Reproduce verbatim the line containing "Premium Quality Skate Tool" and every line that follows it through the end of the entries below, omitting all pictures.
▬▬▬▬▬▬
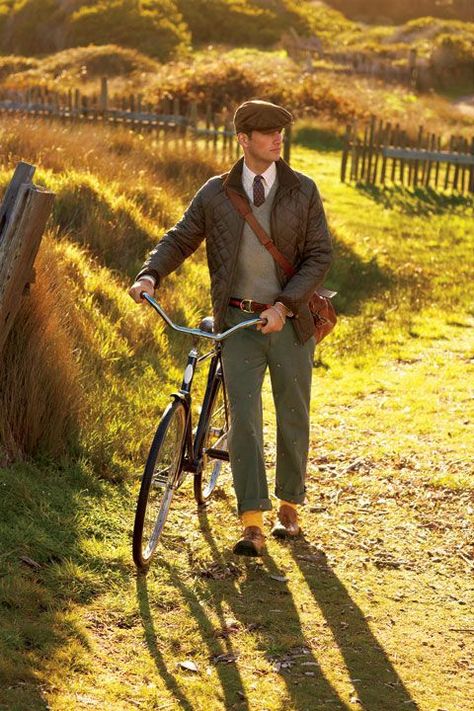 Masculine Cottagecore, Cottagecore Mens Fashion, Cottagecore Male Outfits, Cottagecore Male, Equestrian Fashion Women, Male Cottagecore Outfits, Cottagecore Men, Mens Cottagecore, Village Lifestyle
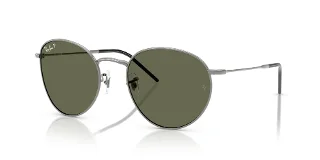 004/9A Gunmetal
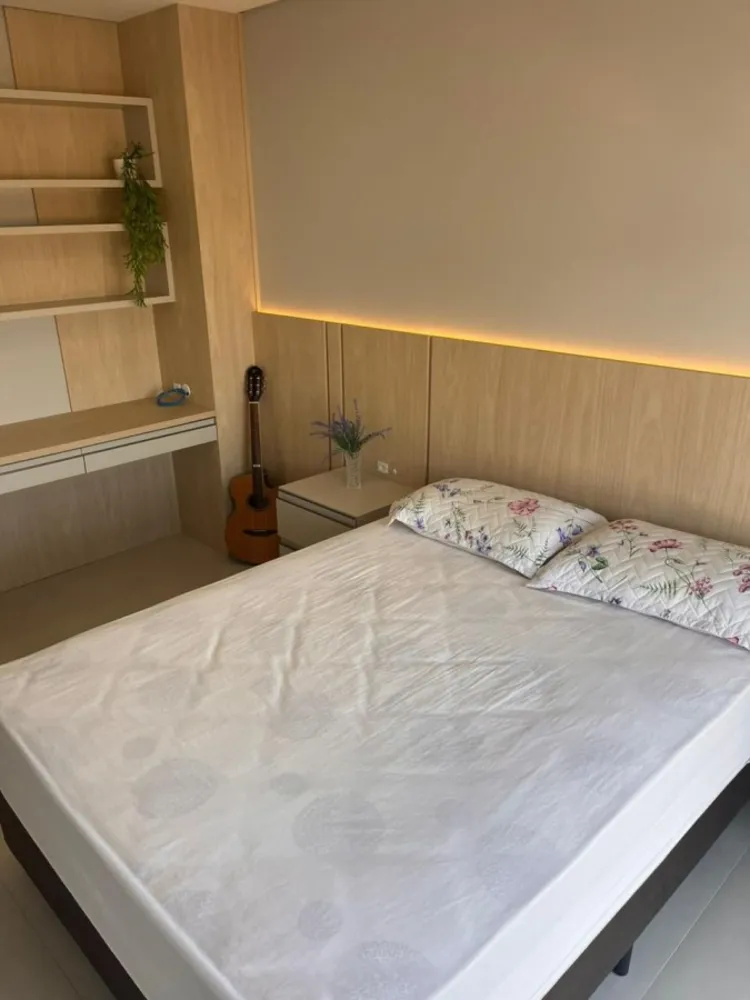 Casa, 3 quartos - Foto 10
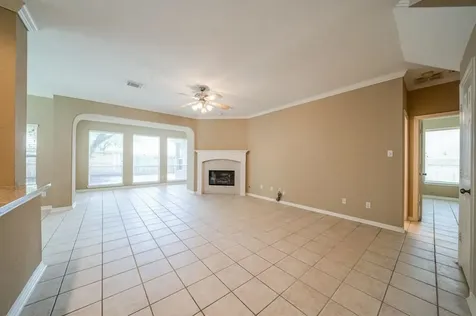3303 Ashland Grove Lane Sugar Land TX 77498
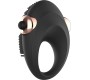 Womanvibe THOR SILICONE VIBRATOR RING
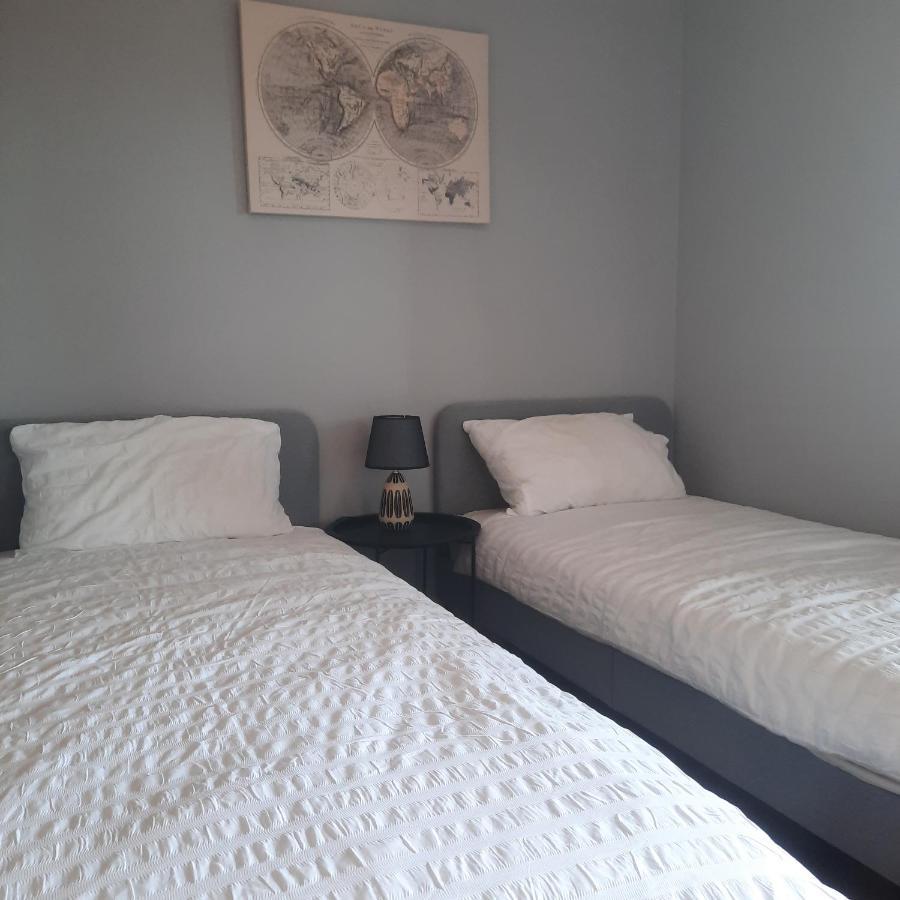 Holiday home Casa-estaro Anceriz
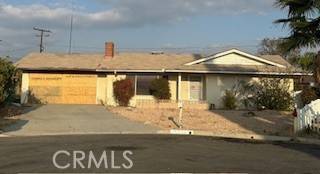 Hemet, CA 92544,41470 Vicky Lane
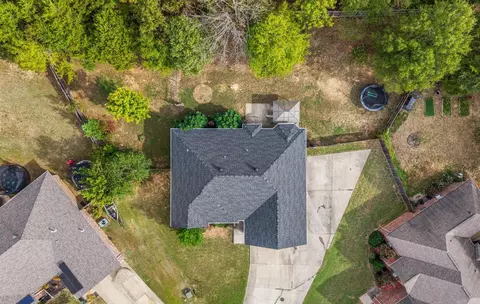 View/Area - 22 Emma Dr, Cabot, AR 72023 photo 5 of 8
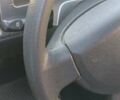 Красный Дэу Нексия, объемом двигателя 1.5 л и пробегом 77 тыс. км за 2300 $, фото 34 на Automoto.ua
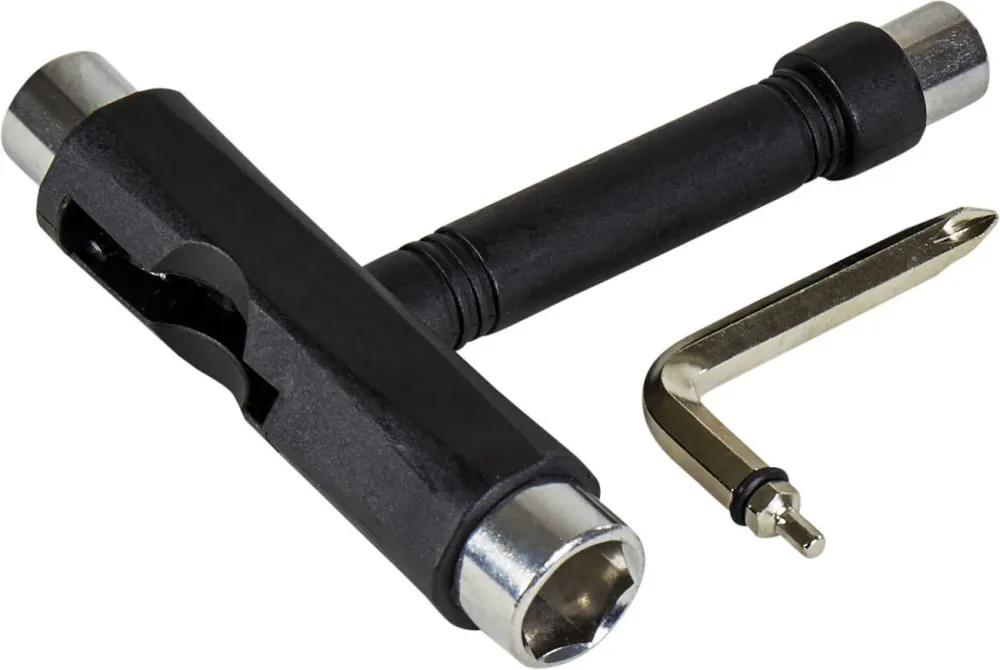 Premium Quality Skate Tool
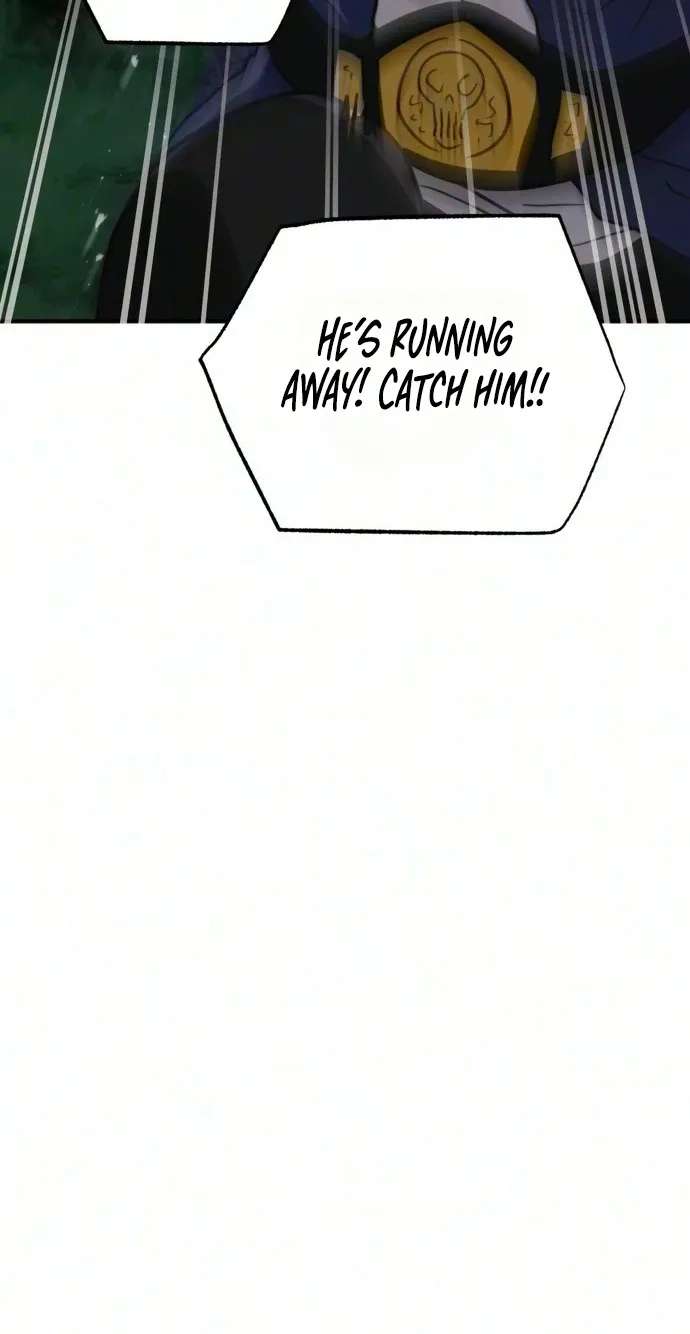 The Corruption Immune Swordsman's Calamity Sword Chapter 12 - page 55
▬▬▬▬▬▬
■ OUTPUT FOR THIS TASK ■
 Premium Quality Skate Tool
 The Corruption Immune Swordsman's Calamity Sword Chapter 12 - page 55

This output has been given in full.